Exhibition Highlights

From the late 6th century, the north Indian image of the historical Buddha Shakyamuni, with its serene countenance, embodies the style of the late Gupta dynasty (320–600), a balance of elegant form and inner spirituality. Although the Gupta rulers were Hindu, they actively patronized Buddhism. This Buddha embodies two ideals basic to Buddhism, the perfect yogi and the universal ruler. He possesses the yogi's supple body and contemplative gaze, and the ruler's strong shoulders, firm body, and webbed hands and feet. Time-honored traditions of portrayal connect the Buddha's human form with nature; his long eyes are shaped like fish, his curls like snail shells, and the profile of his left shoulder and arm like the trunk of an elephant. Following the invasion of northern India by Islamic rulers from Afghanistan in the 12th century, this sculpture was long preserved in a Tibetan monastery.
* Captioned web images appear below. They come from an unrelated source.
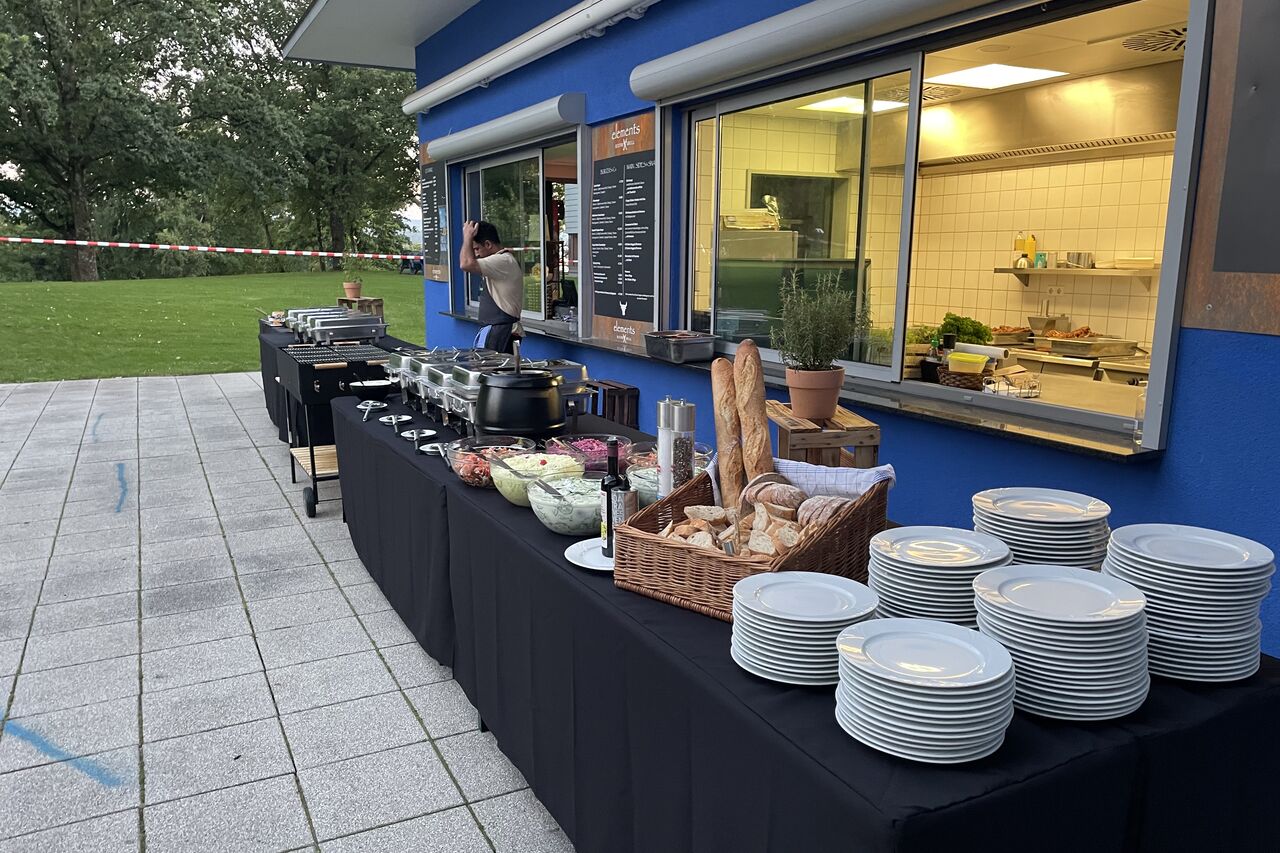 Catering für ganz große Anlässe. Und für ganz kleine.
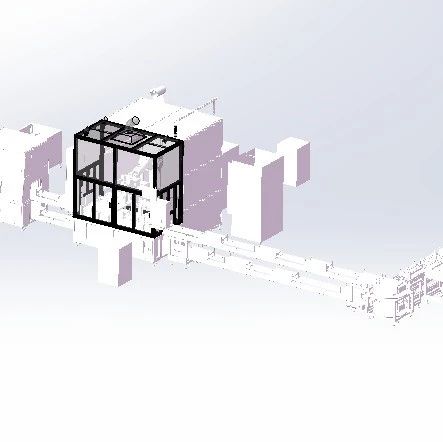 【非标数模】新能源锂电池模组巴片激光焊接3D数模图纸 Solidworks21设计 附STEP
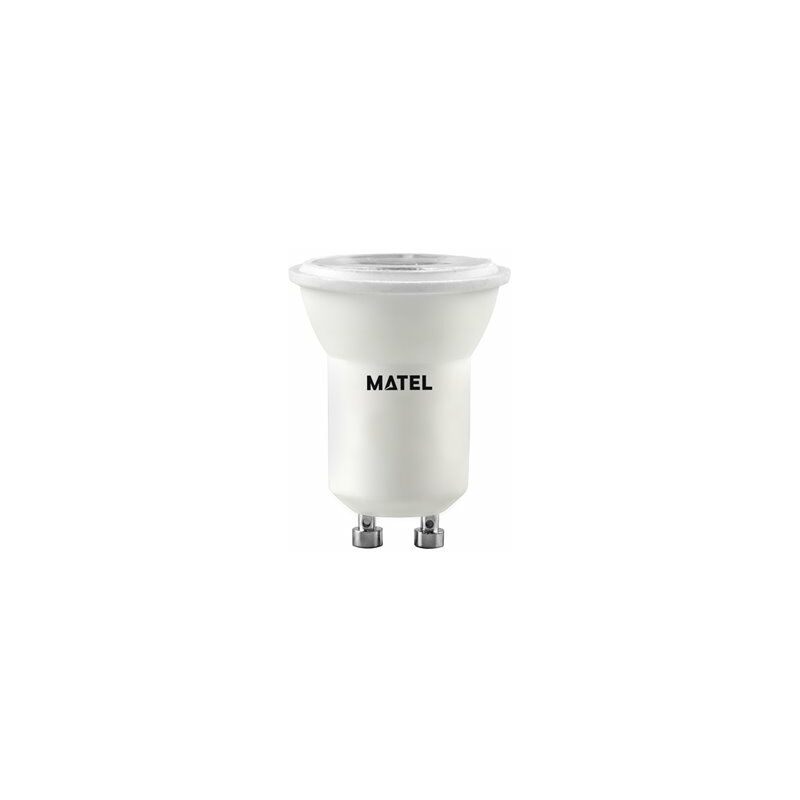 foto del prodotto lampadina led neutra matel gu10 3w dicroica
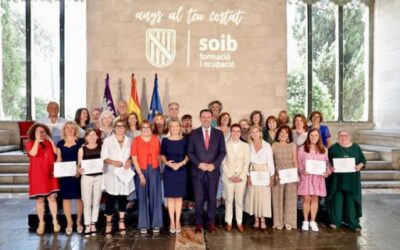 25th Anniversary of the SOIB Marked by Recognition of the First Public Employment Service Workers in the Balearic Islands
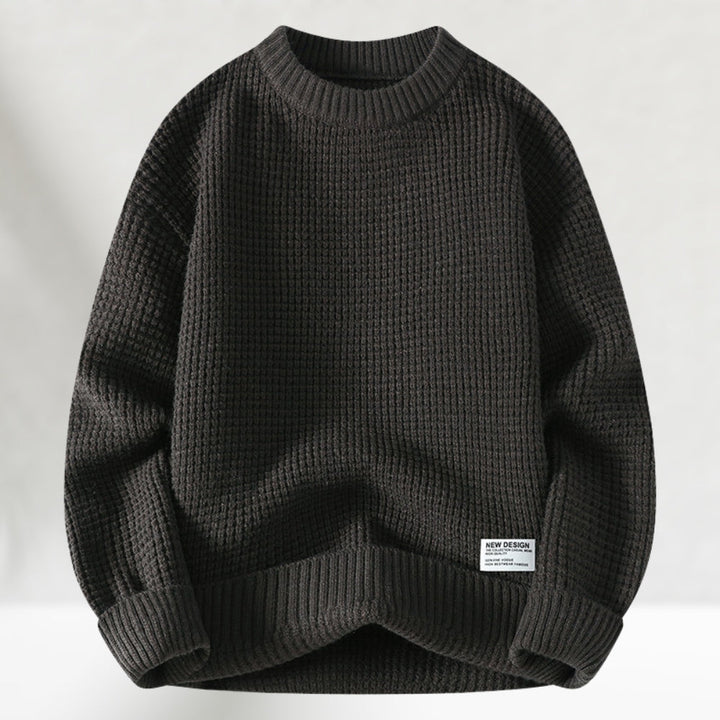 Dexter | Crew Neck Knit Sweater
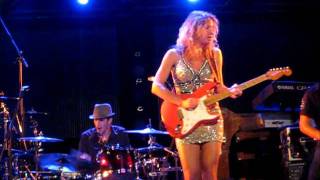 Ana Popovic Solo Blues for M at Tollwood Festival Munich 2011 Live [upl. by Huesman]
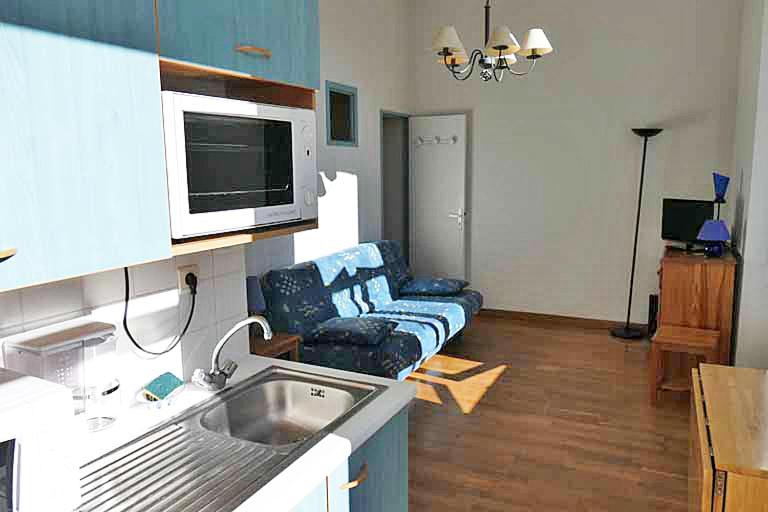Résidence LES CYCLADES - Studio pour 2 Personnes 54 11370 Port Leucate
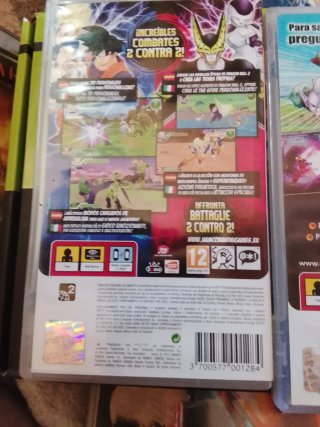 2 Juegos Dragon Ball PSP: Tenkaichi y Budokai 2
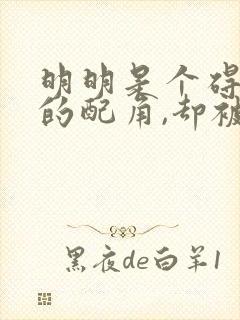 明明是个碍事儿的配角,却被王子给宠爱了封面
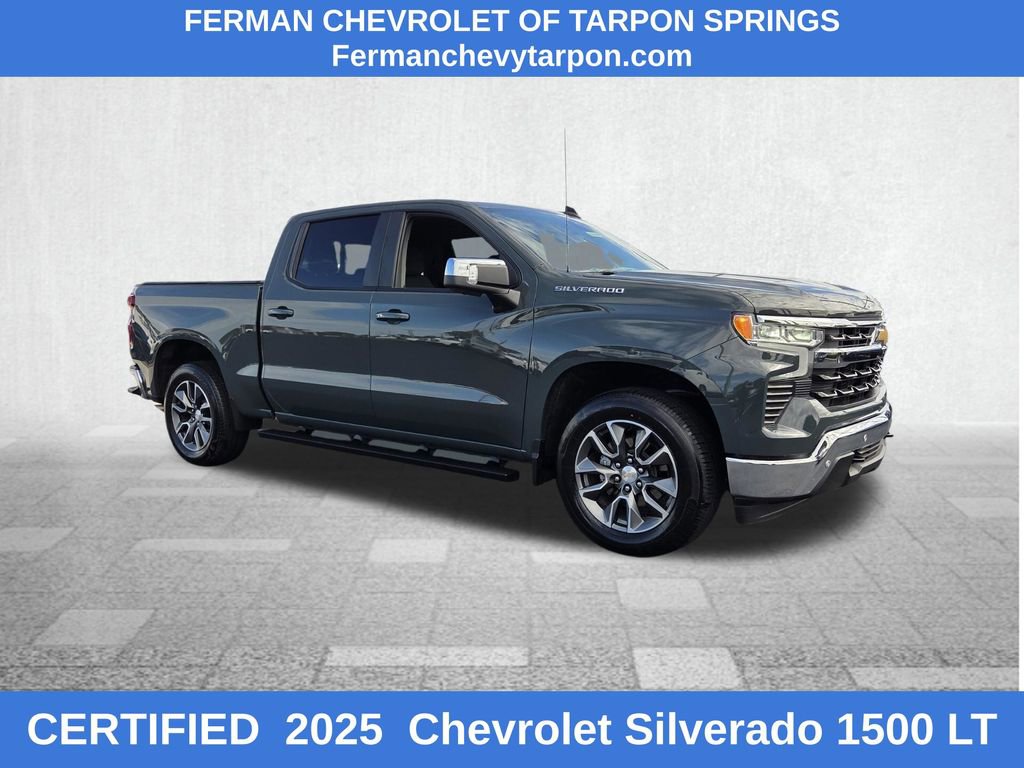 Certified 2025 Chevrolet Silverado 1500 LT w/ All Star Edition Plus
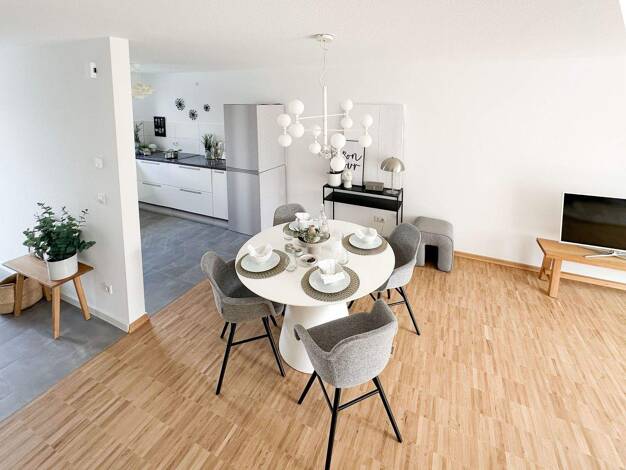 Reihenmittelhaus zum Kauf - Neubau provisionsfrei 615.000 € 4 Zimmer 124 m² 140 m² Grundstück Neufracher Str. 22 Salem 88682
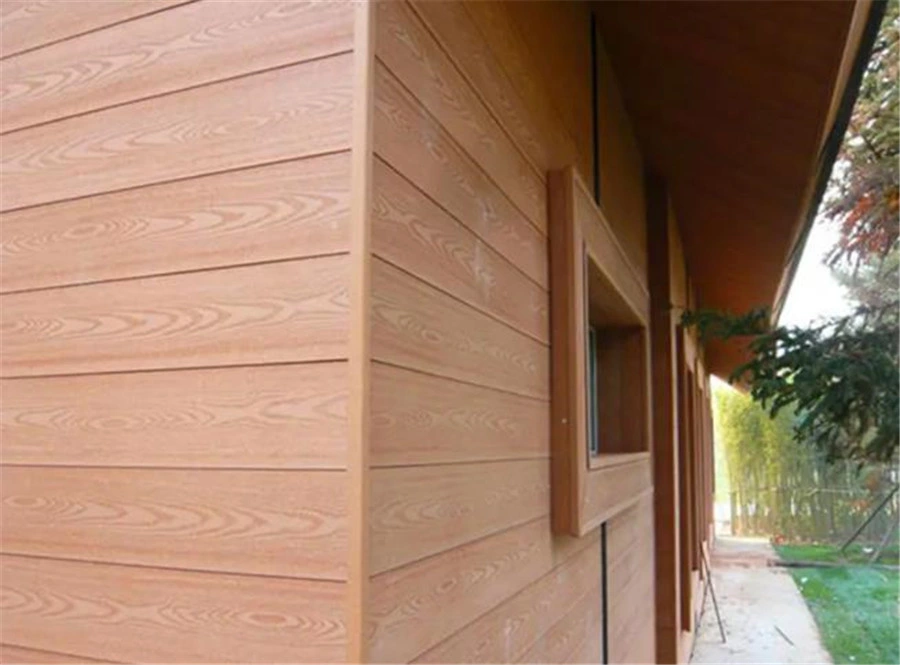 WPC UV Resistance Outdoor Wall Cladding for Wall Material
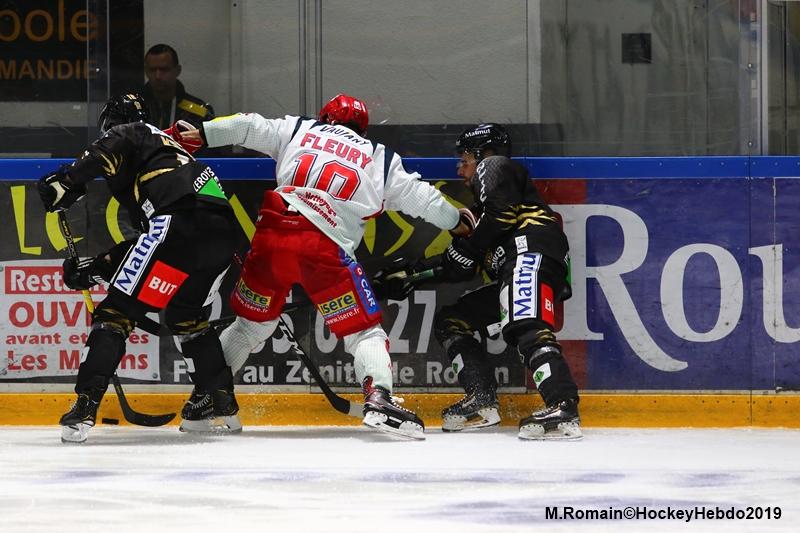 Rouen 3 - 4 Grenoble 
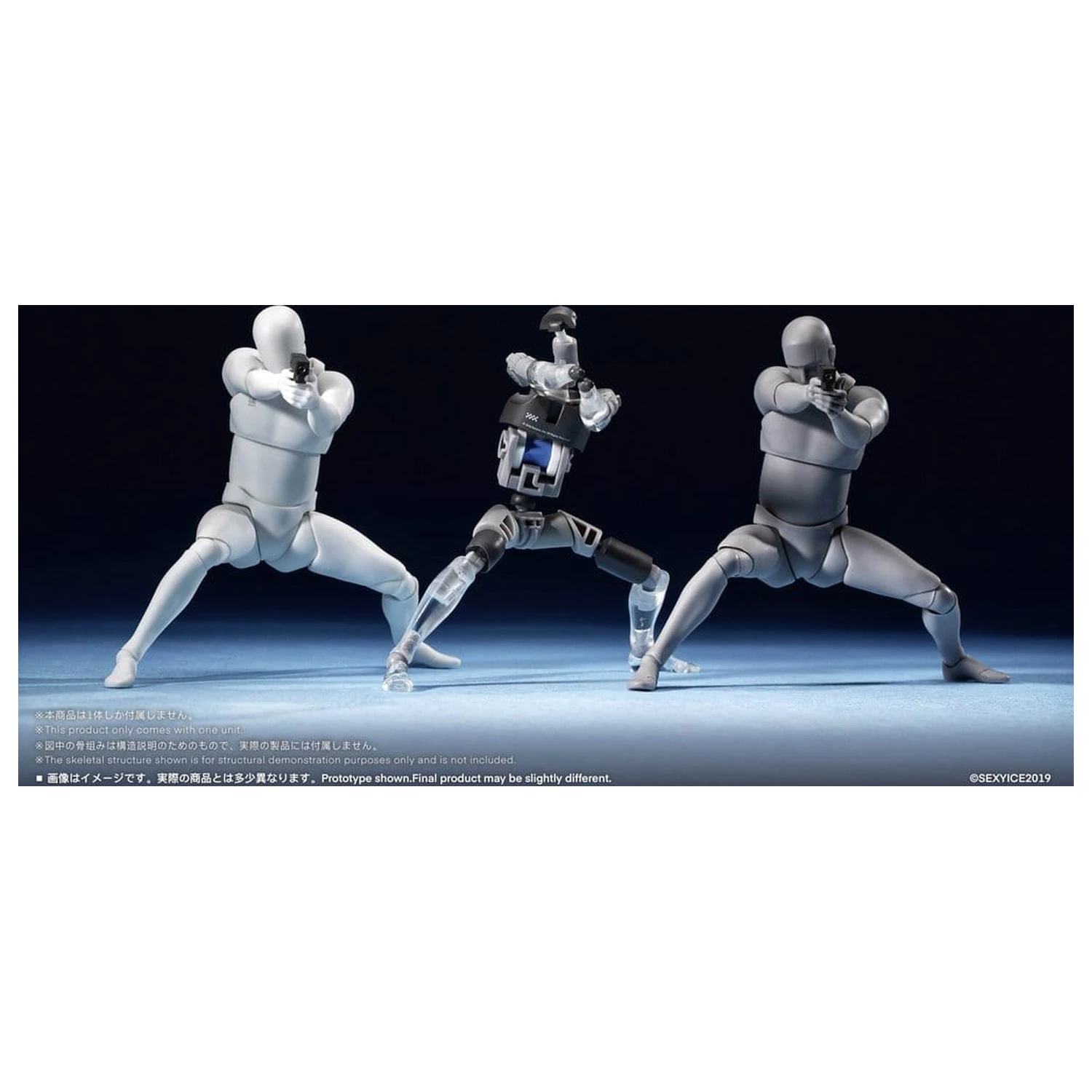 Original Character Series Neural Interface Figurka akcji 1/12 Bioroid-Troy 021 15 cm zdjęcie produktu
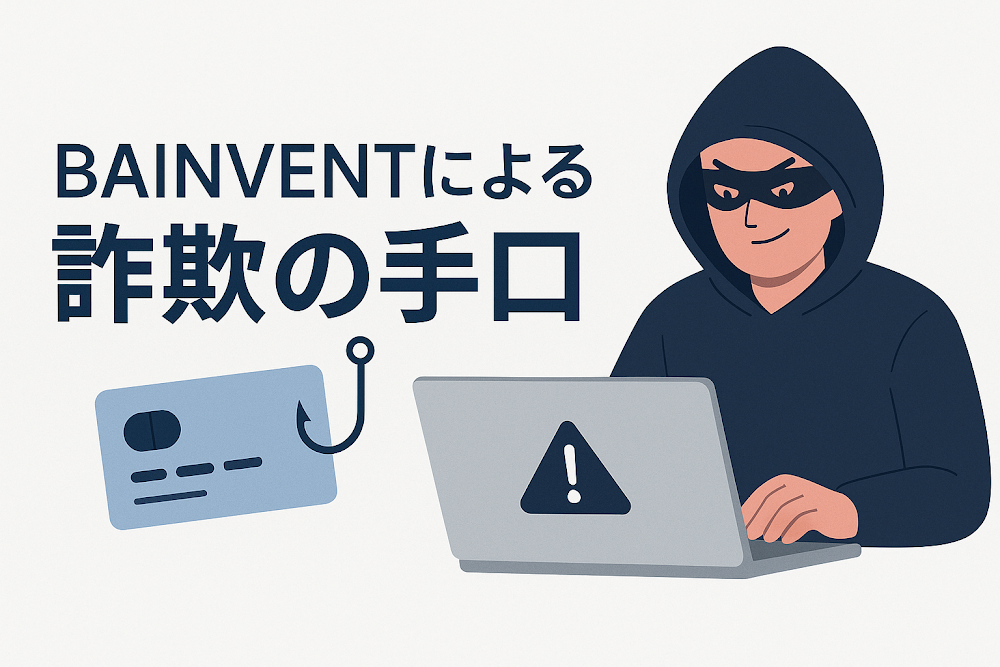 BAINVENTによる詐欺の手口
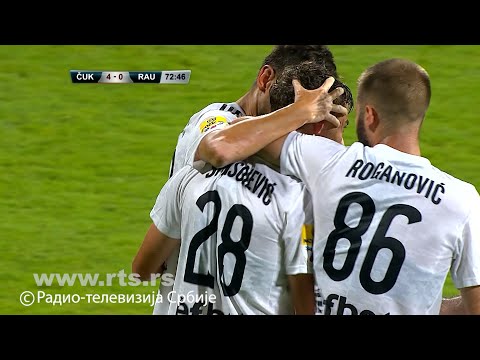 Čukarički Racing Luxembourg Goals And Highlights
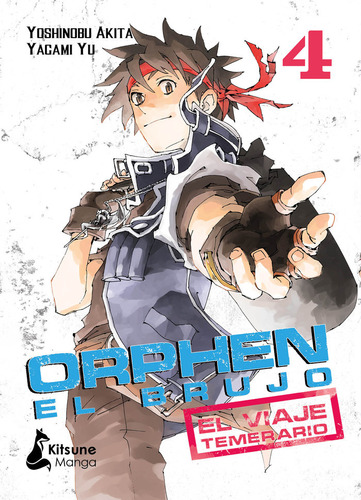 Libro Orphen El Brujo: El Viaje Temerario, Vol. 4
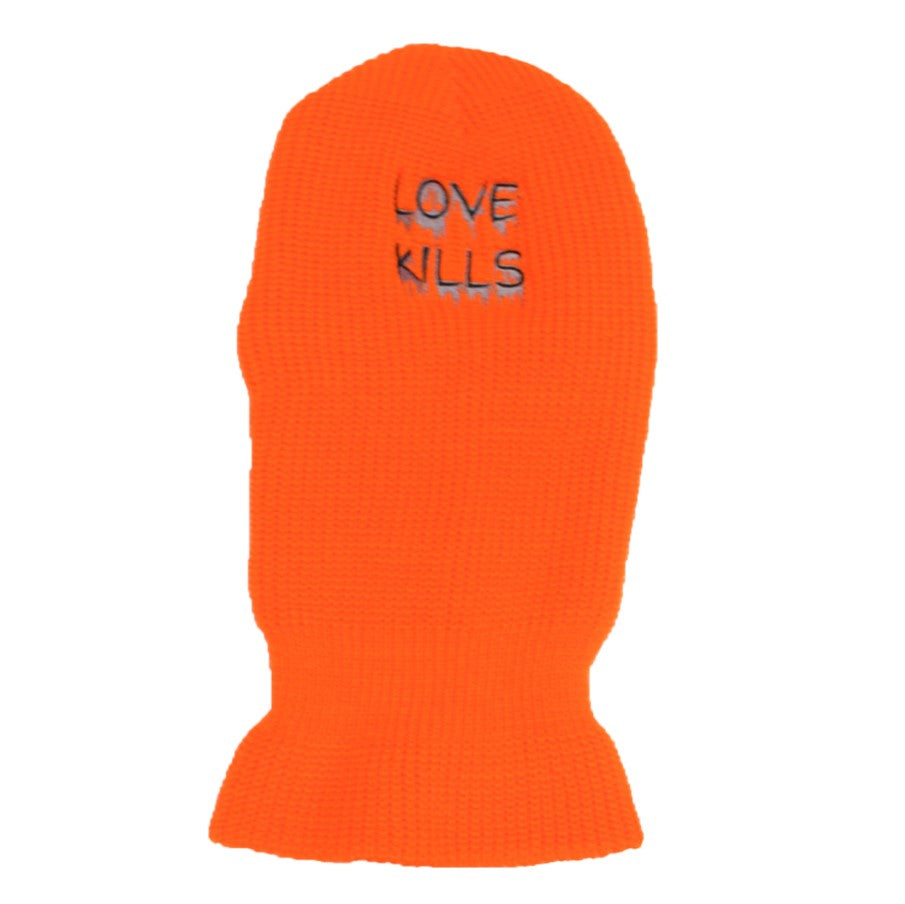 Draco Ski-Mask in Orange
In Buddhism, Maitreya first appears as a bodhisattva—a fully enlightened being who was prophesied to become the Buddha of the next cosmic eon, or kalpa, after the end of the current universe. Until that time it is thought that Maitreya exists as a bodhisattva, but will eventually descend to earth from the heaven where he currently resides, undergo his final rebirth, and become a Buddha. In the 11th century schist The Bodhisattva Maitreya, the figure can be identified as Maitreya by the presence of a miniature stupa (reliquary) in his headdress. Maitreya's name means “The Benevolent One."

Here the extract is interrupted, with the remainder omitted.